我有一个文本文件,我试图转换为.csv文件,并且在每个字符之间都有空格的实例中将所有数据分成列。以下代码正在执行此操作,但它不会写入最后一列数据。
txt_file = r'ATF_160A_AR-160B_Pr_Temp_test.txt'
data = []
with open(txt_file) as f:
for line in f:
data.append([word for word in line.split(' ') if word])
csv_file = r'ATF_160A_AR-160B_Pr_Temp_test.csv'
out_csv = csv.writer(open(csv_file, 'wb'))
out_csv.writerows(data)
文本文件如下所示。
odbName stepName instanceName setName tmax_F tmax_C xcoord
abcd-1_AB.odb Nominal SPECIMEN_POS1-1 SET-1 789.345 420.747 0.0
abcd-1_AB.odb Nominal SPECIMEN_POS1-1 SET-1 751.559 399.755 0.1244
abcd-1_AB.odb Nominal SPECIMEN_POS1-1 SET-1 789.300 420.722 0.004976
abcd-1_AB.odb Nominal SPECIMEN_POS1-1 SET-1 789.193 420.663 0.009952
abcd-1_AB.odb Nominal SPECIMEN_POS1-1 SET-1 789.017 420.565 0.014928
abcd-1_AB.odb Nominal SPECIMEN_POS1-1 SET-1 788.770 420.428 0.019904
答案 0 :(得分:1)
这是我的尝试:
txt_file = r'ATF_160A_AR-160B_Pr_Temp_test.txt'
csv_file = r'ATF_160A_AR-160B_Pr_Temp_test.csv'
with open(txt_file) as infile, open(csv_file, 'w') as outfile:
writer = csv.writer(outfile)
writer.writerows(row.split() for row in infile)
split()
做正确的事情:按空格划分,甚至多个空格data
),而是处理每一行并写入,这样可以加快速度并减少内存。

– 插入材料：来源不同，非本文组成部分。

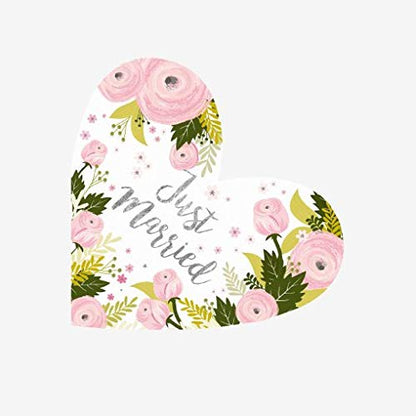 GREETING CARD 12.5X12.7 HEART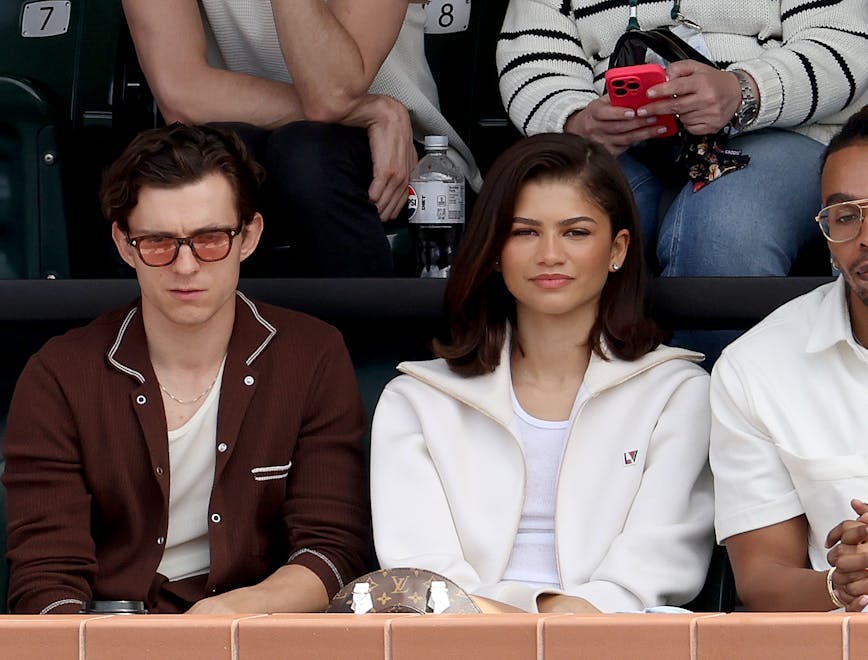 Tom Holland and Zendaya. Courtesy of Getty Images.
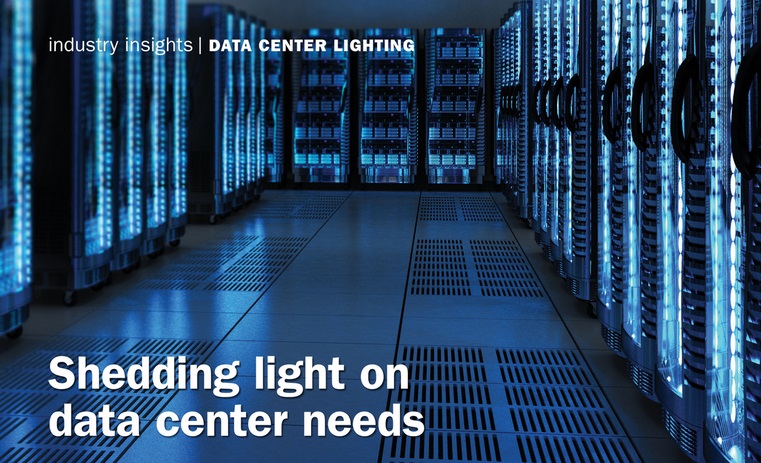 Data Center e LED: come ottimizzare efficienza e consumi energetici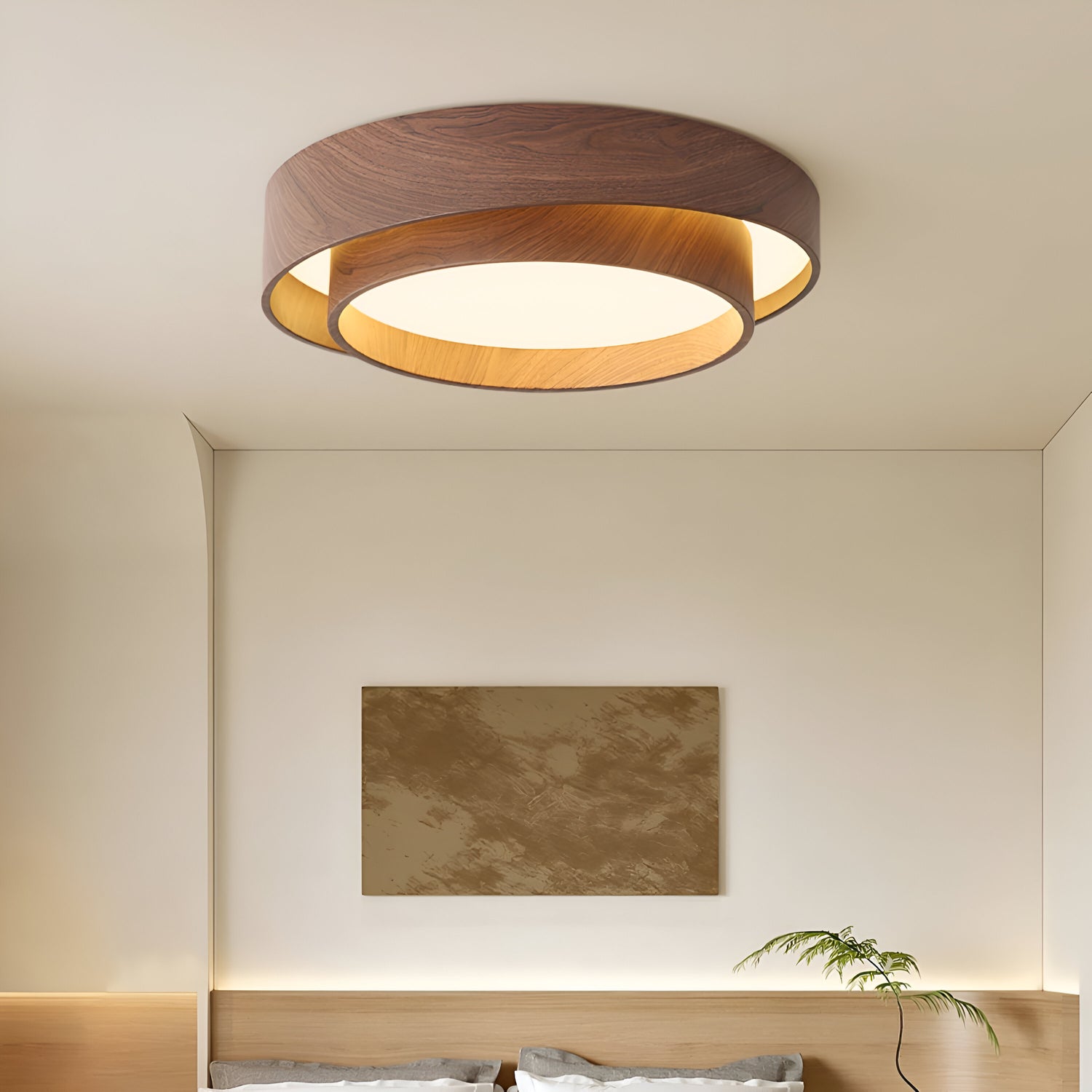 Vaako Nordic Acrylic LED Ceiling Light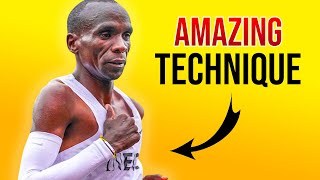 PERFECT RUNNING FORM  5 Tips ALL Runners Can Learn from Eliud Kipchoge [upl. by Ybhsa]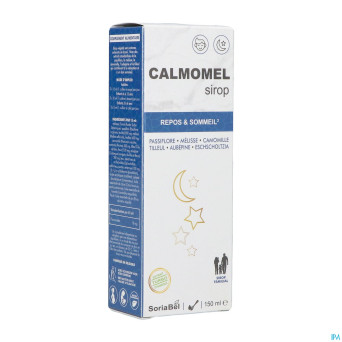 Soria sirop calmomel    fl 150ml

尝试此操作以查看是否可以消除空白行:
writer.writerows(row.split() for row in infile if row.strip())
让我们再次尝试帕特琼斯的建议(我认为他的意思是先剥离,然后分裂):
writer.writerows(row.strip().split() for row in infile if row.strip())
答案 1 :(得分:0)
当我在您提供的输入数据上运行代码,但是放入几个打印语句来查看它在做什么时,我注意到最后一列中条目的换行符:
cat /proc/{process id}/limits
我可能会在写出之前剥掉这些东西,因为它们经常会产生不可预见的影响:
['abcd-1_AB.odb', 'Nominal', 'SPECIMEN_POS1-1', 'SET-1', '789.345', '420.747', '0.0\n']
['abcd-1_AB.odb', 'Nominal', 'SPECIMEN_POS1-1', 'SET-1', '751.559', '399.755', '0.1244\n']
答案 2 :(得分:0)
csv.writer的文档说如果目标是打开的文件,则应使用newline=''
打开它。我很确定它不应该以二进制(字节)模式打开。以下代码,编码用于开发(不使用外部文件),
import csv
from io import StringIO
f = '''\
abcd-1_AB.odb Nominal SPECIMEN_POS1-1 SET-1 789.345 420.747 0.0
abcd-1_AB.odb Nominal SPECIMEN_POS1-1 SET-1 751.559 399.755 0.1244
abcd-1_AB.odb Nominal SPECIMEN_POS1-1 SET-1 789.300 420.722 0.004976
abcd-1_AB.odb Nominal SPECIMEN_POS1-1 SET-1 789.193 420.663 0.009952
abcd-1_AB.odb Nominal SPECIMEN_POS1-1 SET-1 789.017 420.565 0.014928
abcd-1_AB.odb Nominal SPECIMEN_POS1-1 SET-1 788.770 420.428 0.019904
'''.splitlines()
data = []
for line in f:
data.append([word for word in line.split(' ') if word])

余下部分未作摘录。